DATASET CONTENT:
---

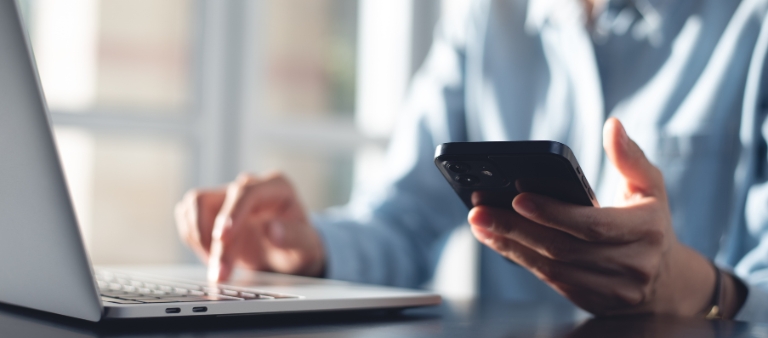 Woman tapping on her cell phone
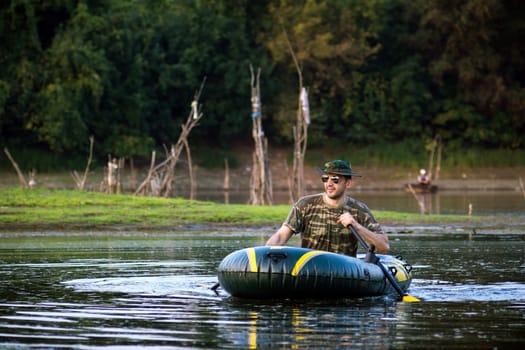 The smiling man is rowing and enjoying in inflatable boat on lake.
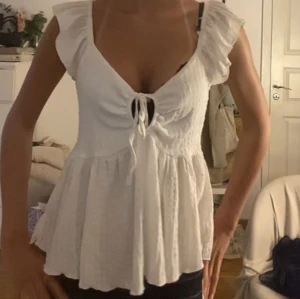 Vit blus med volangärmar och knytning - Söt vit blus med volangärmar och knytning framtill. Blusen har en lätt v-ringning och är tillverkad i ett luftigt material, perfekt för varmare dagar. Den har en lös passform nedtill och fina detaljer vid axlarna.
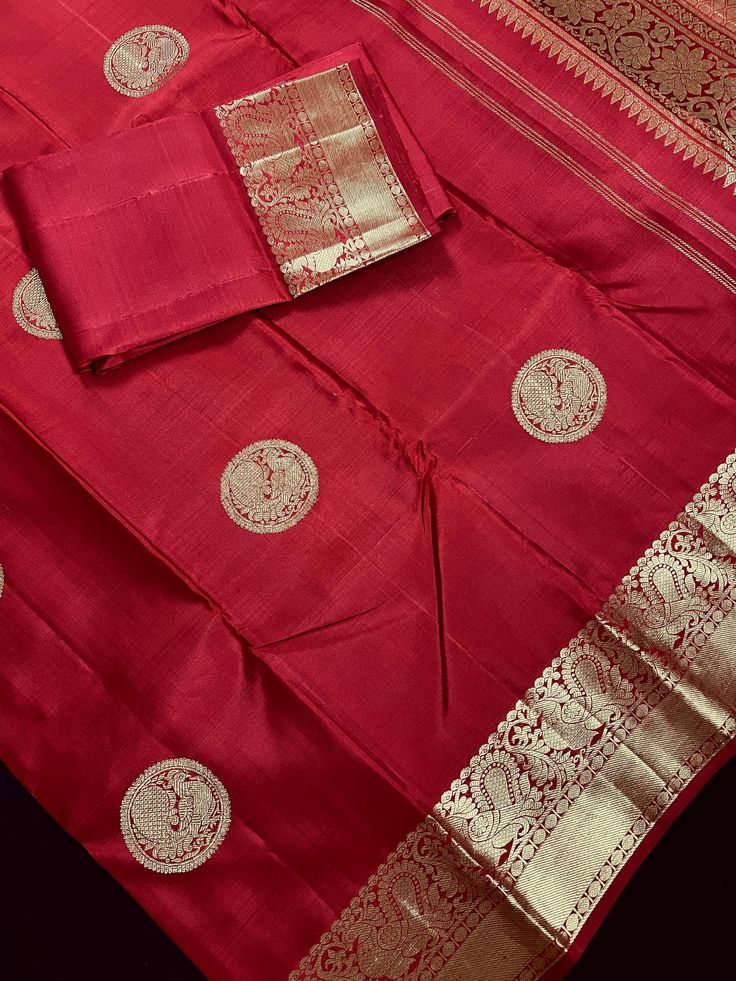 SILK MARK CERTIFIED !!! Gorgeous Maroon Red Color Color Pure Kanjivaram Kanchipuram Handwoven Pure Silk Saree with Gold Zari Weave. Saree has Peacock Motifs on the body and on the Border. Item : SareeBase Fabric : Pure Kanjivaram Silk Color : Maroon Red ColorBlouse piece : Comes with un-stitched Blouse piece.Blouse material : Pure Kanjivaram Silk Work : Heirloom Fall & Edging(Yes/No) : YesSilk Mark Certificate given with the Saree(Yes/No) : Yes Disclaimer :-- Color variation is possible due to v Red Handloom Lehenga For Navratri, Anarkali Traditional Wear For Rituals And Festivals, Traditional Handloom Red Lehenga, Traditional Red Handloom Lehenga, Red Tussar Silk Sets With Cutdana Detail, Red Handloom Lehenga For Puja, Handloom Red Lehenga For Puja, Red Tussar Silk Set For Diwali, Red Handloom Art Silk Traditional Wear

---

ASSIGNMENT:
Without the pictures, output the full listing exactly as it stands.

ANSWER TO THIS PROBLEM:
 Woman tapping on her cell phone
 The smiling man is rowing and enjoying in inflatable boat on lake.
 Vit blus med volangärmar och knytning - Söt vit blus med volangärmar och knytning framtill. Blusen har en lätt v-ringning och är tillverkad i ett luftigt material, perfekt för varmare dagar. Den har en lös passform nedtill och fina detaljer vid axlarna.
 SILK MARK CERTIFIED !!! Gorgeous Maroon Red Color Color Pure Kanjivaram Kanchipuram Handwoven Pure Silk Saree with Gold Zari Weave. Saree has Peacock Motifs on the body and on the Border. Item : SareeBase Fabric : Pure Kanjivaram Silk Color : Maroon Red ColorBlouse piece : Comes with un-stitched Blouse piece.Blouse material : Pure Kanjivaram Silk Work : Heirloom Fall & Edging(Yes/No) : YesSilk Mark Certificate given with the Saree(Yes/No) : Yes Disclaimer :-- Color variation is possible due to v Red Handloom Lehenga For Navratri, Anarkali Traditional Wear For Rituals And Festivals, Traditional Handloom Red Lehenga, Traditional Red Handloom Lehenga, Red Tussar Silk Sets With Cutdana Detail, Red Handloom Lehenga For Puja, Handloom Red Lehenga For Puja, Red Tussar Silk Set For Diwali, Red Handloom Art Silk Traditional Wear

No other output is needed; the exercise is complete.